### Task statement
All of the data below should be set down again verbatim, without any images.

(Captioned web images)
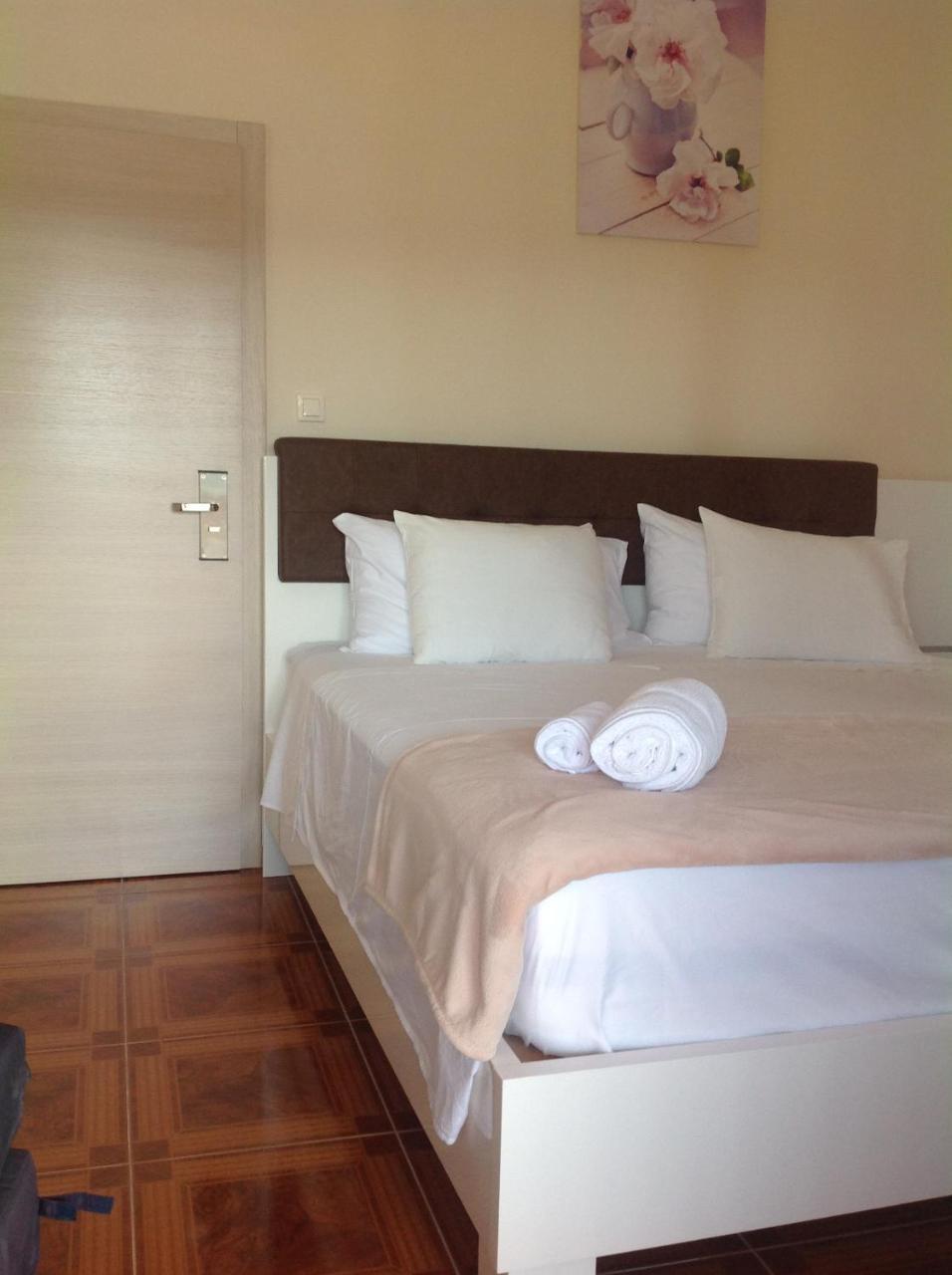 Ližnjan Hotel Livadic & Restaurant מראה חיצוני תמונה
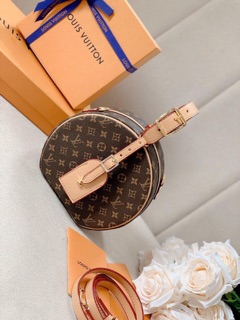 LV PETITE BOITE SIZE 20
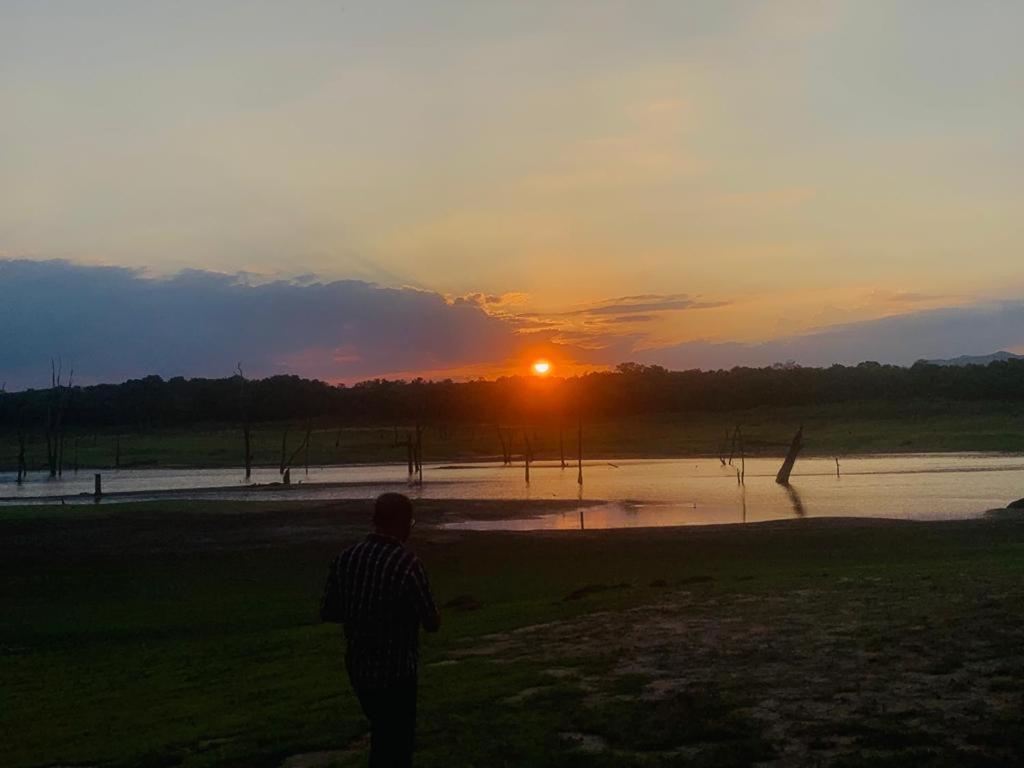 Gal Oya Lake View Inginiyagala Polwatta المظهر الخارجي الصورة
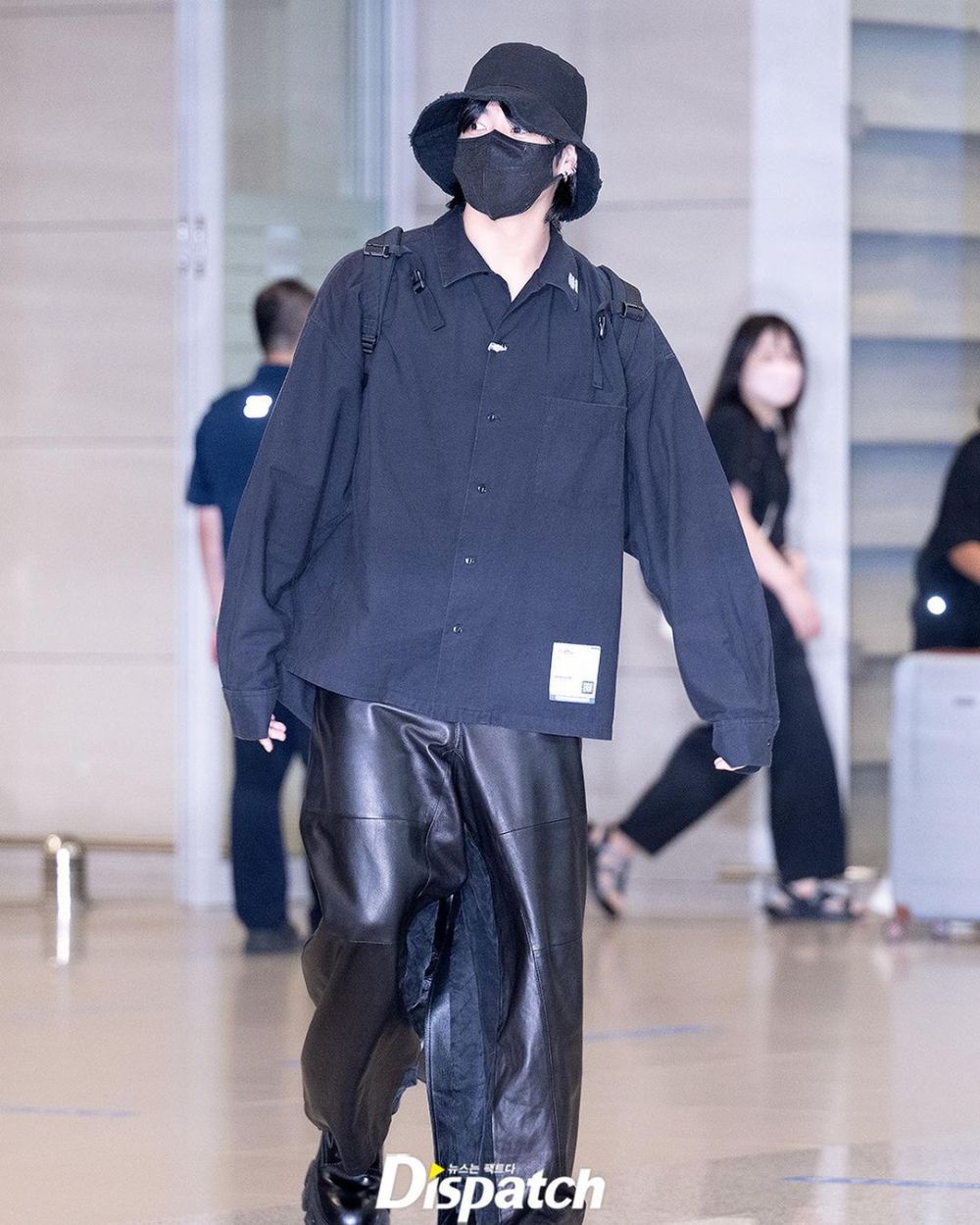 8 Mix and Match Outfit Hitam ala Jungkook BTS, Fashionable Abis!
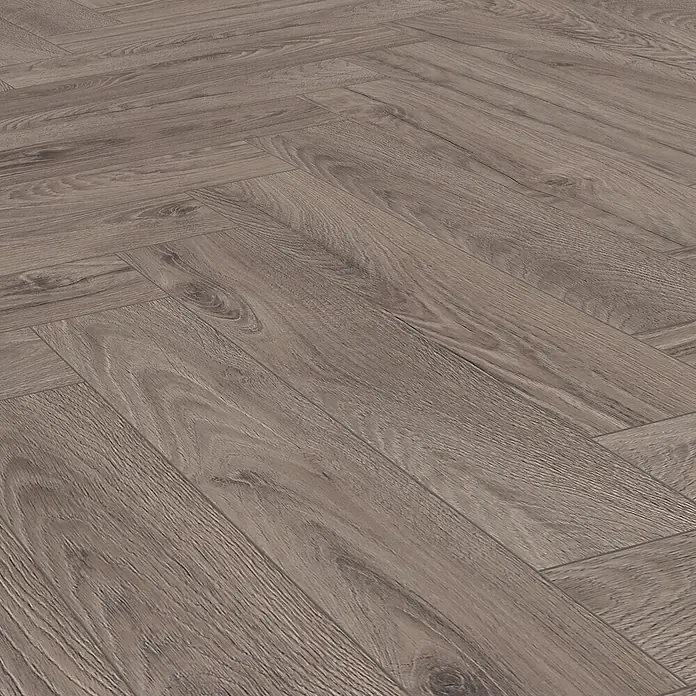 Krono Original Laminat Herringbone - Rutherford Oak, Fischgrät, 630 x 126 x 8 mm - Ein detailreiches Bild von hellem Eichenparkett im Fischgrätmuster, das die natürliche Holzstruktur hervorhebt.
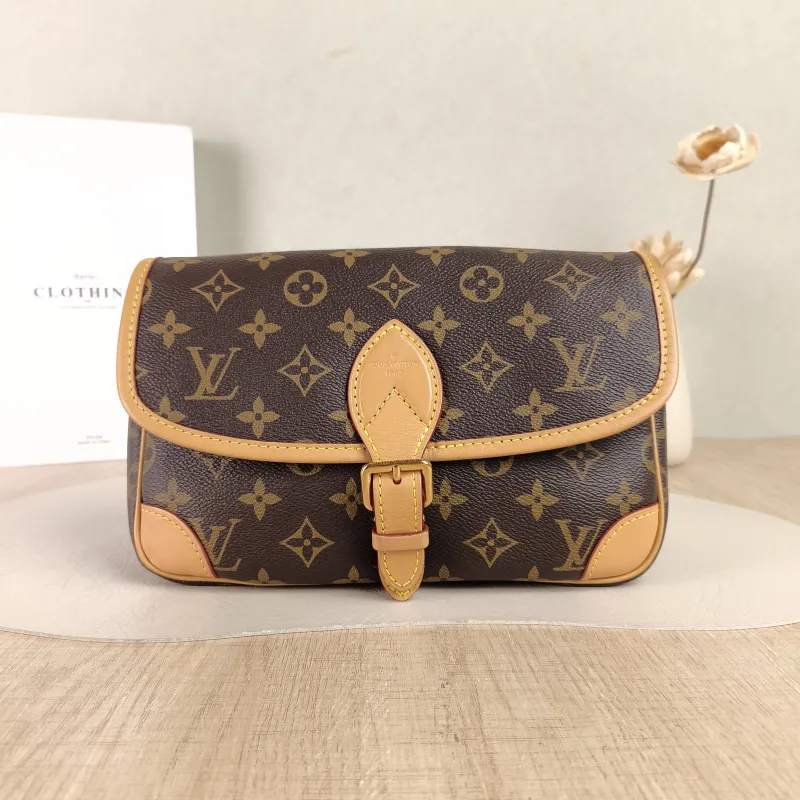 Louis Vuitton Crossbody Bag Diane Baguette Bag Shoulder Strap PVC Small24 × 9 × 15 cm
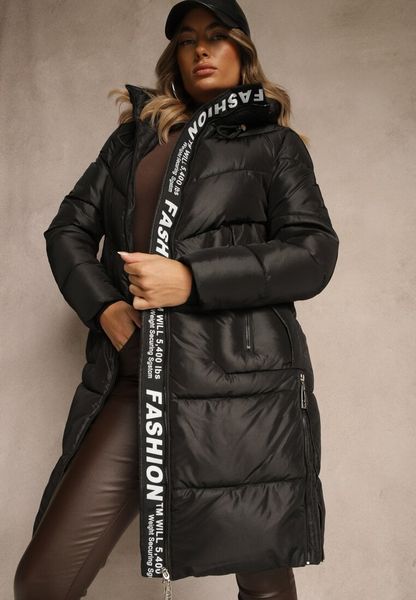 Czarna Pikowana Kurtka o Długim Kroju z Kapturem Zdobiona Taśmą z Napisami Galiadea. Czarne kurtki damskie Renee, l, z aplikacjami, z poliesteru, z kapturem. Za 249.99 zł.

### Exercise output
 Ližnjan Hotel Livadic & Restaurant מראה חיצוני תמונה
 LV PETITE BOITE SIZE 20
 Gal Oya Lake View Inginiyagala Polwatta المظهر الخارجي الصورة
 8 Mix and Match Outfit Hitam ala Jungkook BTS, Fashionable Abis!
 Krono Original Laminat Herringbone - Rutherford Oak, Fischgrät, 630 x 126 x 8 mm - Ein detailreiches Bild von hellem Eichenparkett im Fischgrätmuster, das die natürliche Holzstruktur hervorhebt.
 Louis Vuitton Crossbody Bag Diane Baguette Bag Shoulder Strap PVC Small24 × 9 × 15 cm
 Czarna Pikowana Kurtka o Długim Kroju z Kapturem Zdobiona Taśmą z Napisami Galiadea. Czarne kurtki damskie Renee, l, z aplikacjami, z poliesteru, z kapturem. Za 249.99 zł.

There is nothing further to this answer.